The album featuring 9 tracks including three remix and two instrumental. All tracks were composed by Raghav Sachar, one instrumental was composed by Julius Packiam. The lyrics were written by Aditya Dhar.

The film score was composed by Julius Packiam.

Track listing
| No. | Title | Singer(s) | Length |
|---|---|---|---|
| 1. | "Kabul Fiza" | Raghav Sachar | 4:00 |
| 2. | "Banjar" | Shubha Mudgal | 4:15 |
| 3. | "Keh Raha Mera Dil" | Raghav Sachar | 4:11 |
| 4. | "Yeh Main Aaya Kahaan Hoon" | Raghav Sachar | 4:07 |
| 5. | "Kabul Fiza" (Remix) | Raghav Sachar | 3:24 |
| 6. | "Banjar" (Lounge Mix) | Sunidhi Chauhan | 4:08 |
| 7. | "Banjar" (Revisited) | KK | 4:17 |
| 8. | "Kabul Express Theme" (Composed By: Julius Packiam) | Instrumental | 4:29 |
| 9. | "Kabul Fiza Theme" | Instrumental | 2:08 |
| Total length: |  |  | 34:19 |

===Critical response===

==== India ====
In India, Kabul Express received mixed reviews. Taran Adarsh of IndiaFM rated the film 2.5 out of 5 stars, calling it "a well-crafted thriller" and writing that it was "aimed at the elite and the thinking audience," though he noted that the use of English and Afghani languages might limit its reach beyond urban centers. Khalid Mohamed of Hindustan Times gave it 2 out of 5 stars, stating, "You expected far more spleen and substance from this fact-inspired adventure thriller," and criticized its pacing despite praising the editing.

==== International ====
Kabul Express was screened as a Special Presentation at the 2006 Toronto International Film Festival, where it received mixed international reviews. Phelim O'Neill of The Guardian rated it 3 out of 5 stars and noted that while the film's message was handled simplistically, the war-ravaged landscape conveyed a stronger impact than the script. Robert Koehler of Variety described it as "a lame revival of buddy road pics" and felt that it "trivializes global politics," though he acknowledged the international appeal of its casting. Anil Sinanan of Time Out criticized the film's tone and performances, noting that "only the cinematography of a stunningly beautiful landscape ravaged by war" lent it any lasting impression.

==Accolades==

| Award | Date of the ceremony | Category | Recipients | Result | Ref. |
| Asian Festival of First Films | 29 November–6 December 2006 | Swarvoski Trophy for Best Director | Kabir Khan | Won |  |
| Foreign Correspondents Association Purple Orchid Award | Kabul Express | Won |
| Filmfare Awards | 17 February 2007 | Best Background Score | Julius Packiam | Nominated |  |
| National Film Awards | 2 September 2008 | Best Debut Film of a Director | Kabir Khan | Won |  |

==Controversy==
On 6 January 2007, the Government of Afghanistan banned Kabul Express, despite having supported its production and permitted its filming in the country. The ban, issued by the Afghan Ministry of Culture, followed public protests over the film's alleged portrayal of the Hazara community, an ethnic Shia minority that has historically faced persecution under Taliban rule.
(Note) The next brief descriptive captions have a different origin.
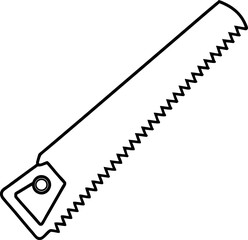 Beautiful saw line icon vector with a cordless blade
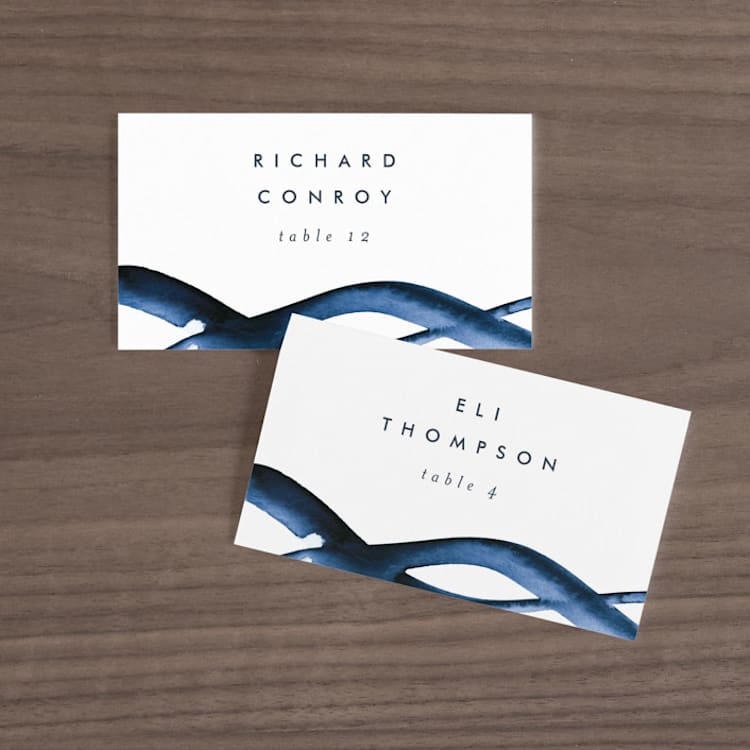 "Wedded Watercolor" - Place Cards in Ocean by Mary Gaspar - Front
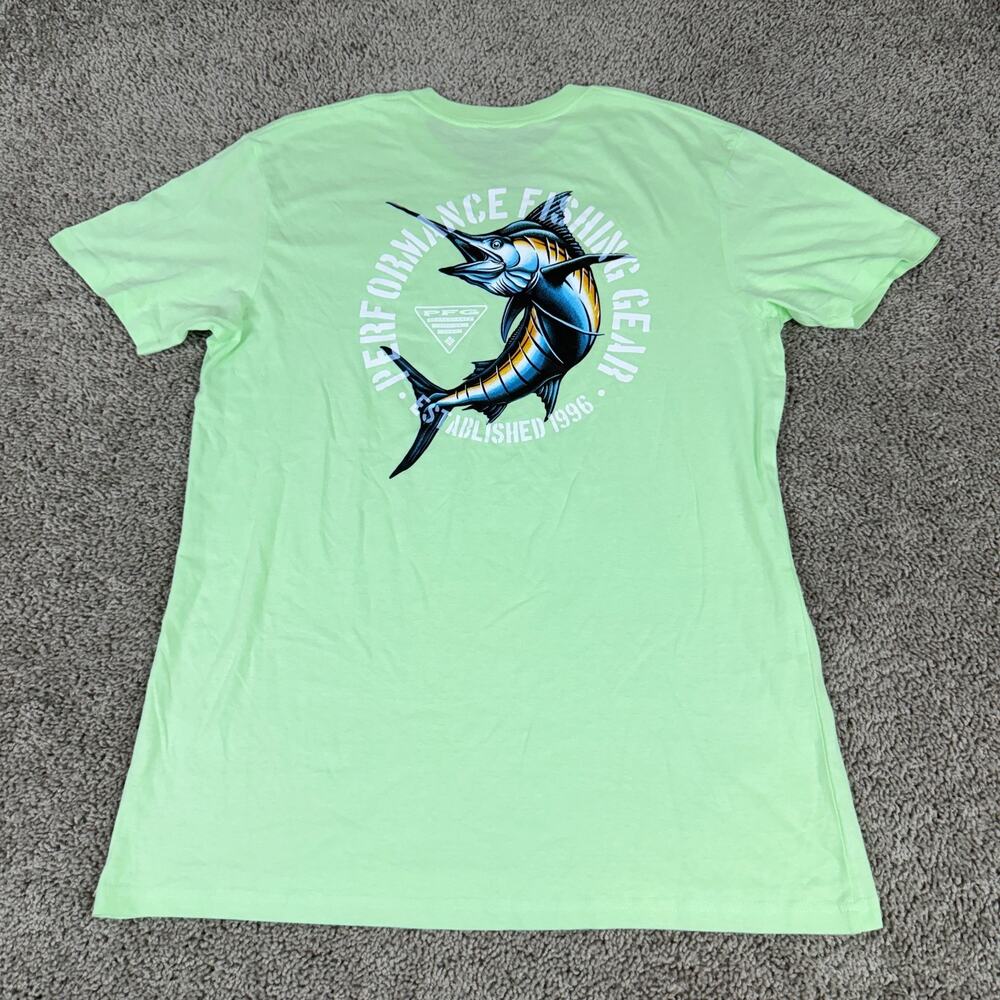 Columbia Shirt Mens L Green Performance Fishing Gear Short Sleeve lightweight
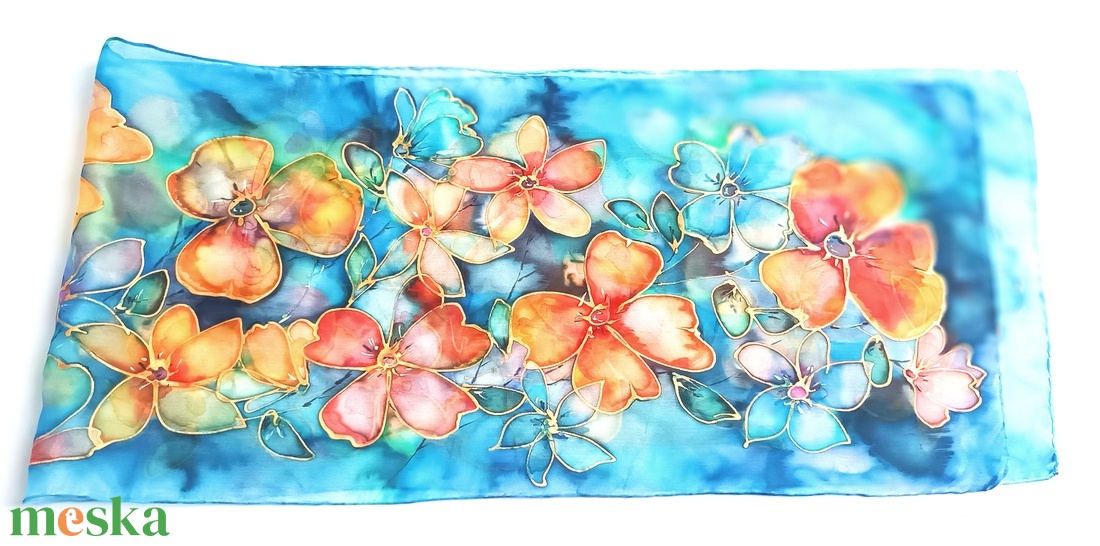 Tunézia tiszta selyem sál - ruha & divat - sál, sapka, kendő - sál - Meska.hu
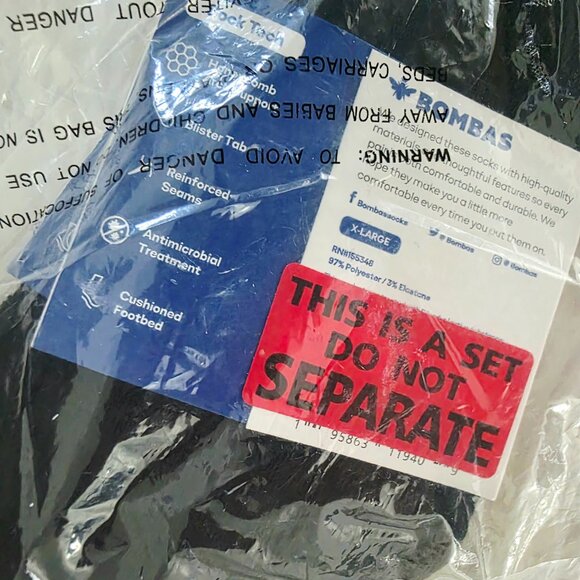 NWT Men's Bombas 3-Pack Ankle Socks, Black, XL - Picture 6 of 10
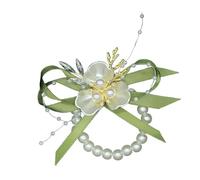 TONZN Set di 2 braccialetti da polso con corpetto rosso e catena di perle, champagne, sposa, damigella d'onore, bracciale con fiore (fiore da polso verde, 2 pezzi)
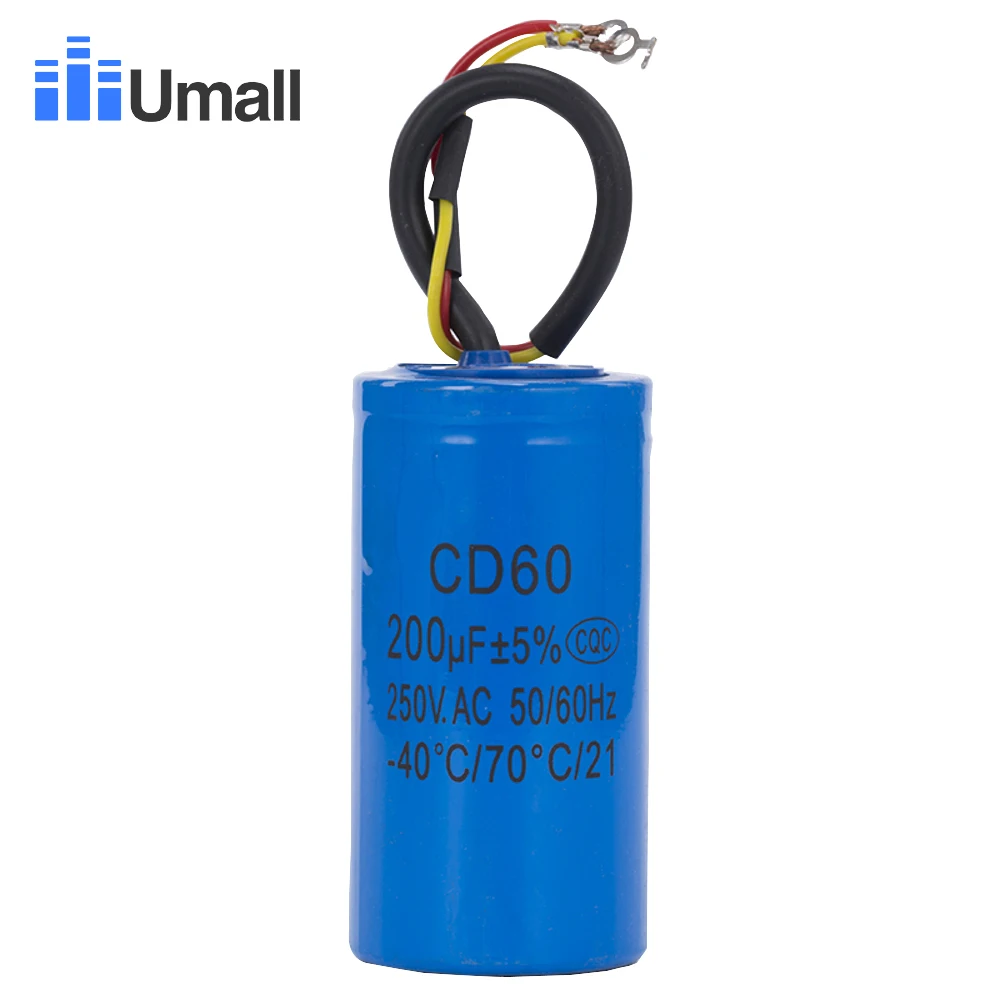 Пусковой конденсатор CD60 200 мкФ 250 В переменного тока для сверхмощного воздушного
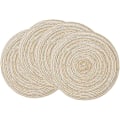 Pikkukuva 1 / 5: Pyöreät punotut tabletit, 4 kpl, pyöreät pöytätabletit ruokapöytiin, 38 cm (beige, 4)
In the film, the Hazaras are referred to by characters—including an Afghan crew member and a former Taliban fighter—as "worse than the Taliban," "bandits," "dangerous," and "savages." These characterizations led to widespread criticism from Hazara civil society groups, who described the depictions as offensive and racist. The Ministry cited these concerns in its decision to prohibit the film's screening in Afghanistan.